WHAT IS NEEDED | Please output, exactly and without pictures, the lines from the opening of the listing below through the line containing "Three-chamber pencil case 3in1 pink", both included.

EXERCISE DATA |

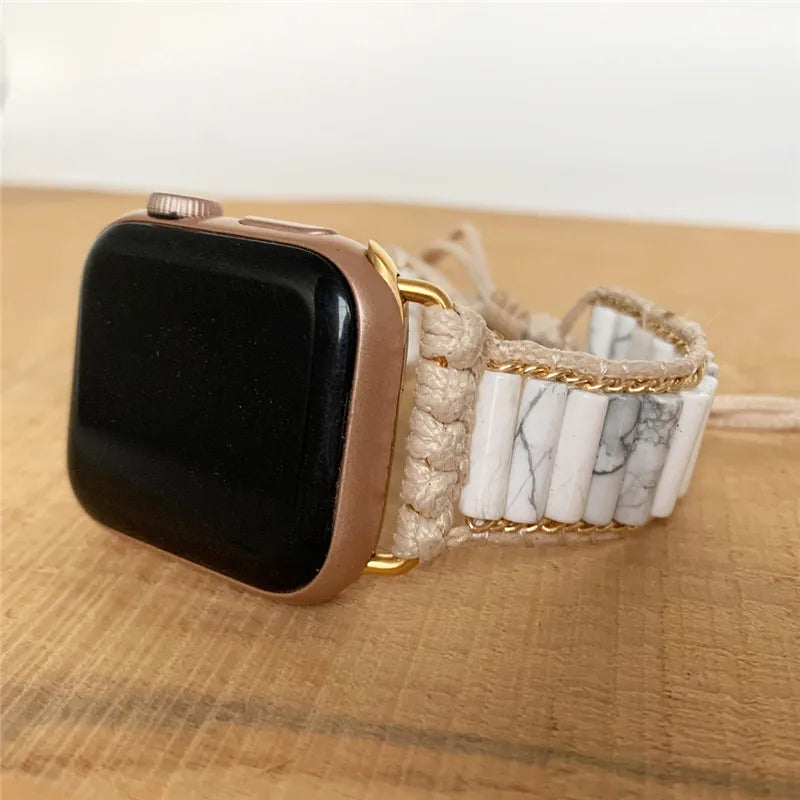 Handcrafted Boho Apple Watch Band - Crystal Beaded Bracelet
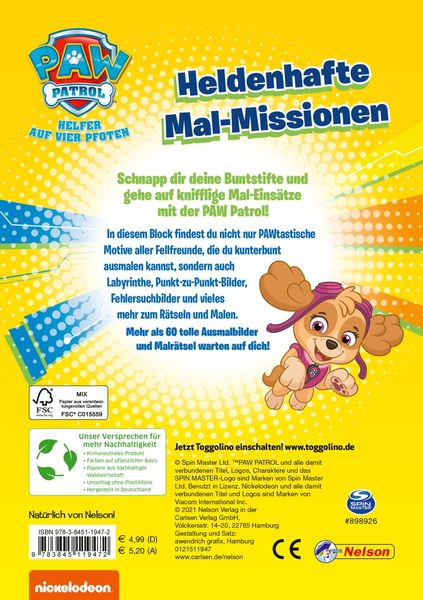 Produktbild: PAW Patrol Kindergartenheft: Heldenhafte Mal-Missionen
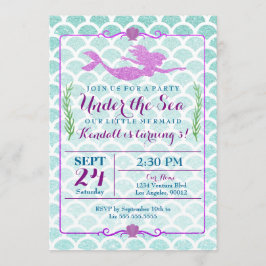人魚の女の子の誕生日のパーティの招待状 招待状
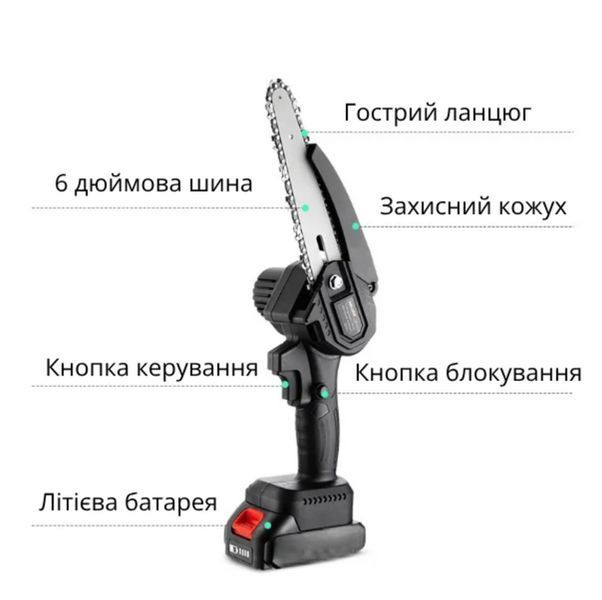 Цепная мини пила Galimet 6" 21V + 2 аккумулятора + бокс L703892 фото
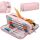 Three-chamber pencil case 3in1 pink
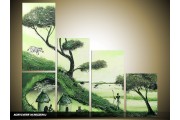 Acryl Schilderij Natuur | Groen | 120x90cm 5Luik Handgeschilderd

RESULT FOR THIS EXERCISE |
 Handcrafted Boho Apple Watch Band - Crystal Beaded Bracelet
 Produktbild: PAW Patrol Kindergartenheft: Heldenhafte Mal-Missionen
人魚の女の子の誕生日のパーティの招待状 招待状
 Цепная мини пила Galimet 6" 21V + 2 аккумулятора + бокс L703892 фото
 Three-chamber pencil case 3in1 pink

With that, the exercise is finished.